Working with AER#

Address-event representations (AER) is one of many ways to represent events. In AER, a single event is represented by a tuple, describing its “coordinates” in spacetime. For a 2-dimensional camera, that can be

\[ t \times x \times y \]

If we have many events (and we do!), then we observe a very long list of these AER tuples, like this in csv format:

0,120,3
0,271,128
...

Note that this is very different from how we are normally working with data (in dense tensors).

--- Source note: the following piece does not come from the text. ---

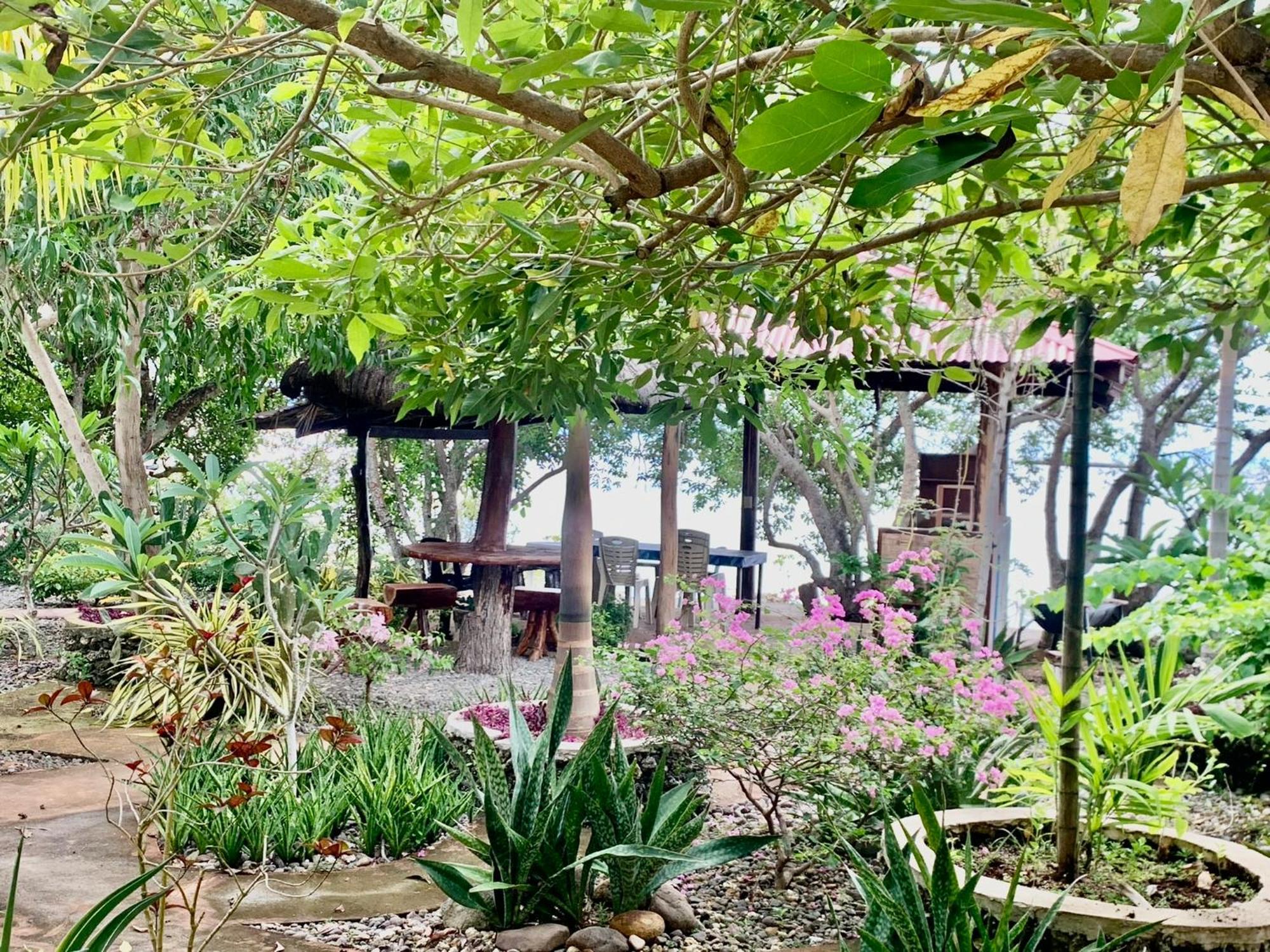 Adayo Cove Resort Siquijor Bagian luar foto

So, first, we should convert these coordinates to tensors.

Task 0: Imports#

import numpy as np
import torch
from urllib.request import urlretrieve
import matplotlib.pyplot as plt
import tqdm
---------------------------------------------------------------------------
ModuleNotFoundError                       Traceback (most recent call last)
Cell In[1], line 5
      3 from urllib.request import urlretrieve
      4 import matplotlib.pyplot as plt
----> 5 import tqdm

ModuleNotFoundError: No module named 'tqdm'

Task 1: Working with coordinates#

We prepared a simple sample in a CSV file. It’s in the file sample.csv. Load it using numpy.loadtxt or similar. Can you make sense of it? What does it show? Can you name each column?

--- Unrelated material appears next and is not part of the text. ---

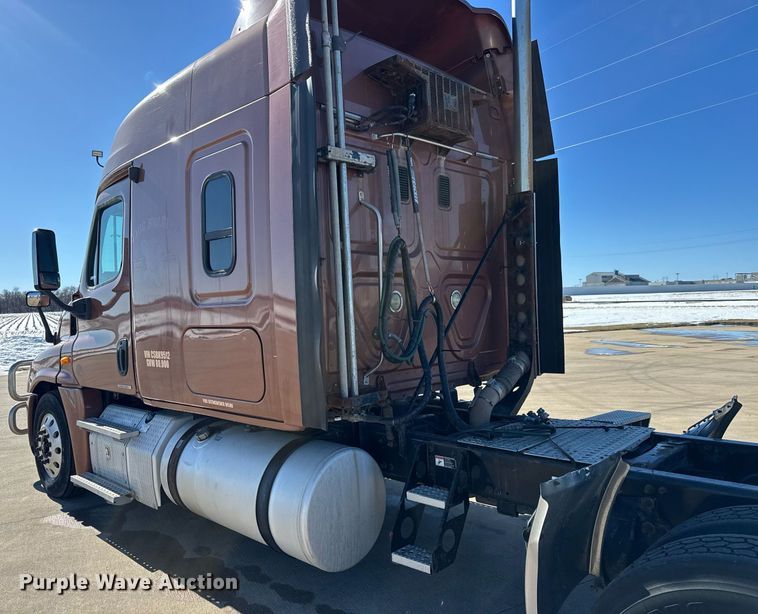 image for item LH9470 2012 Freightliner  Cascadia semi truck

filename, _ = urlretrieve("https://raw.githubusercontent.com/ncskth/phd-course/main/book/module3/sample.csv")
data = np.loadtxt(filename, delimiter=",")
# ...

Task 2: Working with event files#

The CSV format is poorly suited for describing AER data. For that, we have more sophisticated AER representations, such as AEDAT, EVT, RAW, and several others. Fortunately, we have a piece of software that can help us out: AEStream

Before getting started, install AEStream below:

!pip install aestream -q

Task 2.1: Loading up all the events#

Import it and use the FileInput to .load() another sample, this time using the EVT format in a file named sample.dat. Can you figure out what aestream loaded for us?

import aestream
filename_dat, _ = urlretrieve("https://raw.githubusercontent.com/ncskth/phd-course/main/book/module3/sample.dat", filename="sample.dat")
events = aestream.FileInput(filename_dat, (640, 480)).load()
# ...

Hint: Note that the events are now four dimensions. Why do you think that is?

Task 2.2: Working with frames#

The problem with the AER format is that it’s pretty unhandy when we work with neural networks on CPUs and GPUs. Here, we will need tensors of a fixed shape that we can pass into our networks.

The code below creates frames for you in a very manual and tedious way.

  • Can you tell what the code is doing?

  • Why is it slow? And what could you do to make it faster?

# We only look at the first 10^6 events
events_subset = events[:1000000] 
# The interval between frames
time_interval = 1000

# Start generating a number of frames
frames = []
index = 0
current_frame = torch.zeros(2, 640, 480)
for (t, x, y, p) in tqdm.tqdm(events_subset):
    if t // time_interval > index:
        frames.append(current_frame.clone())
        current_frame.fill_(0)
        index += 1
    current_frame[p, x, y] = 1
100%|██████████████████████████████████████████████████████████| 539481/539481 [00:08<00:00, 65227.16it/s]

Task 2.3: Plot the frames#

Let’s inspect the frames that came out of this. Is it reasonable to use this as input data to the task below: a convolutional edge detector? Why/why not?

# plt.imshow(...)

2.4: Rework the time_interval above to produce more reasonable frames#

Spoiler: the frames above are weird. Probably because the time_interval setting above is wrong.

Fix it! Then re-run your frames and inspect them to see if they make more sense.

Task 3: Convolutional edge detector#

In this task, we’ll create a convolutional edge detector. It will work very similar to a regular convolutional neural network in the sense that we “simply” take a kernel that looks for an elementary (edge) pattern and then apply it to the incoming frames. Easy. And it works well with events, too.

Here’s a video that shows you a an example from the AEStream docs where we detect horizontal and vertical edges. Use the code for inspiration.

Task 3.1 Define a kernel#

The first step is to define a kernel that can detect a certain type of edge. Here’s one example you can use if you’d like. Can you figure out what this code is doing?

kernel_size = 9
gaussian = torch.sigmoid(torch.linspace(-10, 10, kernel_size + 1))
kernel = (gaussian.diff() - 0.14).repeat(kernel_size, 1)
plt.imshow(kernel)
plt.colorbar()
<matplotlib.colorbar.Colorbar at 0x746a3b626da0>
../_images/efcf4c610269f46369d12b16705f957b3a5dd8ba62067d5c9078a39402d0347e.png

Task 3.2#

Use your kernel in a convolutional layer.

net = ...

Task 3.3#

Apply your convolutional network to the frames above. Do you see what you expect?

Try tweaking your kernels above to see if you can get more meaningful results.

# output = []
# for frame in frames:
#   output.append(net(frame))
#    ...